L’Assemblée des Régions d’Europe (ARE) basée à Strasbourg, organisation politique des régions en Europe qui compte actuellement parmi ses membres 250 régions de 26 pays européens et 12 organisation interrégionales, a dénoncé la décision de la Commission européenne d’autoriser l’importation dans l’UE d’un aliment génétiquement modifié le maïs « BT-11 ». Cette décision est intervenue « alors que la majorité des citoyens européens ont déclaré leur opposition aux OGM et que les Etats membres n’ont pas abouti à un consensus dans ce domaine ». « La nouvelle directive de l’UE sur l’étiquetage et la traçabilité des OGM ne peut en aucun cas légitimer cette décision qui reporte la responsabilité sur le consommateur », estime Mr Greenslade, président de l’ARE, avant de critiquer la « place excessive » prise par le « commerce et le droit à la libre concurrence » dans la construction européenne. « C’est l’avenir de notre agriculture traditionnelle, de nos produits d’origine contrôlée et biologique, qui est aujourd’hui mis en jeu », assure Mr Greeslade, annonçant que l’ARE va « organiser une campagne de sensibilisation en faveur de l’agriculture traditionnelle et des produits de qualité. »
   
  AFP – 10 juillet
La lutte anti-OGM commence à être entendue, selon José Bové

« On a longtemps prêché dans le désert, mais on commence à être entendu, il y a un contexte nouveau, avec des maires qui s’opposent aux essais OGM sur leur commune ou la région Poitou-Charentes qui se déclare région sans OGM ». De son côté le député (Verts) de Gironde Noël Mamère, a annoncé sa participation au rassemblement des « faucheurs volontaires » des 24 et 25 juillet, en déclarant « L’Etat se rend complice de ces multinationales, de ces lobbies, (…), je serai avec les faucheurs d’OGM, pour faucher des OGM, dans un acte de désobéissance civile ».

AFP – 12 juillet
BASF menace de délocaliser ses recherches sur les OGM aux Etats-Unis

« Quand on ne peut pas mettre d’innovations sur le marché, alors la prochaine étape est la délocalisation de la recherche et du développement » a déclaré Juergen Hambrecht, patron du groupe. « Ces activités seront délocalisées là où les innovations peuvent être concrétisées. Nous devons gagner de l’argent, nous ne pouvons pas seulement en dépenser » estime-t-il. L’UE tranche au cas par cas sur l’autorisation des OGM et sur leur utilisation, en imposant notamment une signalisation sur les emballages d’aliments, mais elle laisse aux Etats-membres le soin de fixer eux-mêmes un cadre à ce type de culture.
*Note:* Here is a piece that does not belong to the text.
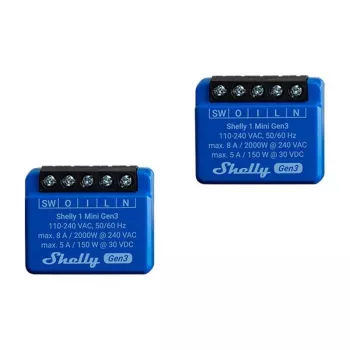 Shelly 1 Mini Gen3 Smart-Relais, 2er-Pack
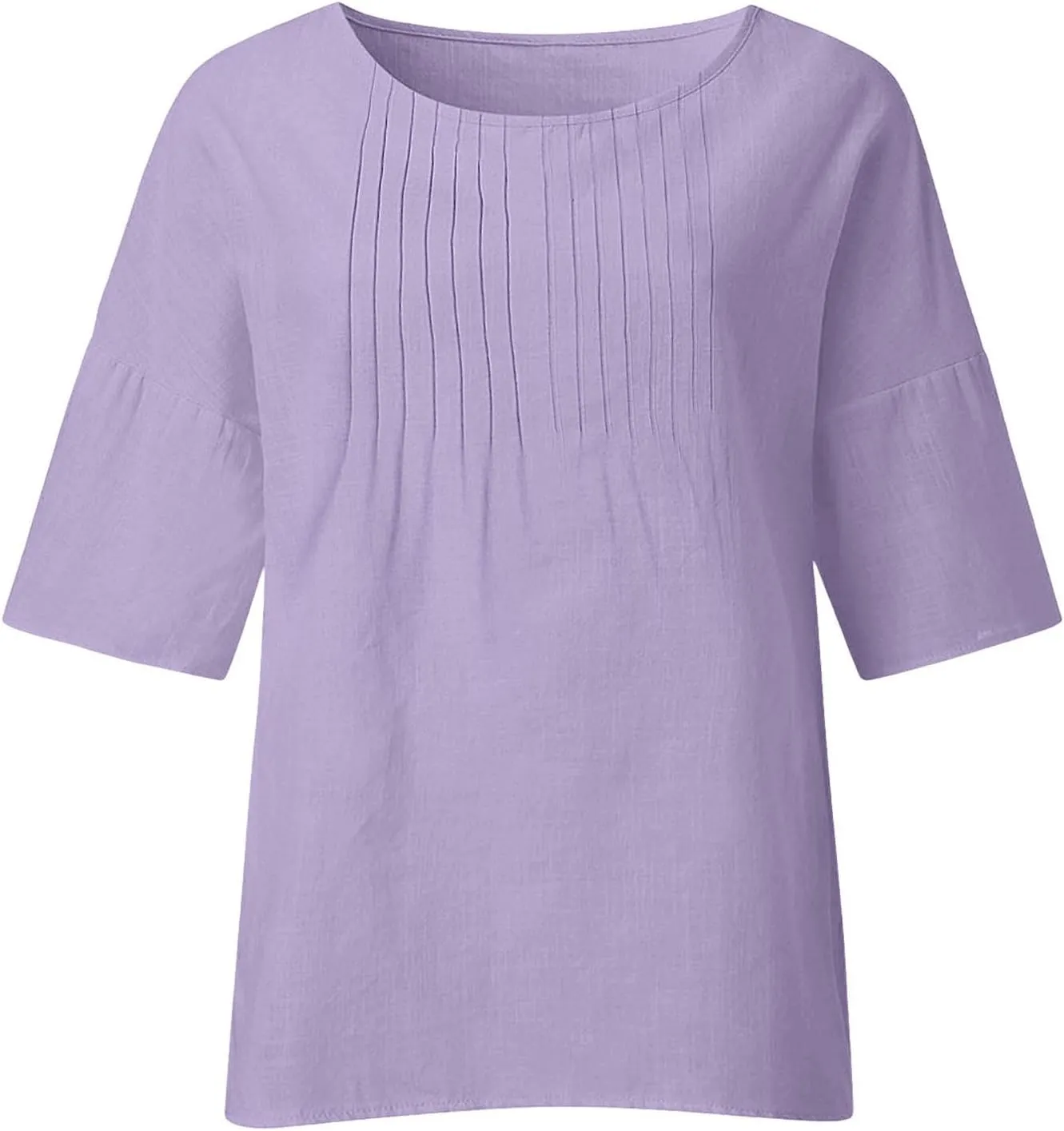 Linen Shirts for Women Solid Color Basic 3/4 Sleeve Tops 2025 Crewneck Casual Pleated Blouses Summer Vacation Tshirts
La Nouvelle République – 13 juillet
"OGM : l'huissier constate l'absence d'informations"

"Vigilance OGM Poitou-Charentes" a dépêché plusieurs de ses membres à la mairie de Saint-Martin-la-Rivière. Objectif : faire constater par huissier les irrégularités dans le protocole et la procédure d'information des cinq essais de maïs transgénique de la multinationale Monsanto sur la commune. Une plainte sera déposée pour non respect du protocole contre Monsanto et le Geves. Selon A. Bernier, porte-parole du collectif, "quelques 1200 communes ont déjà délibéré ou pris des arrêtés anti-OGM".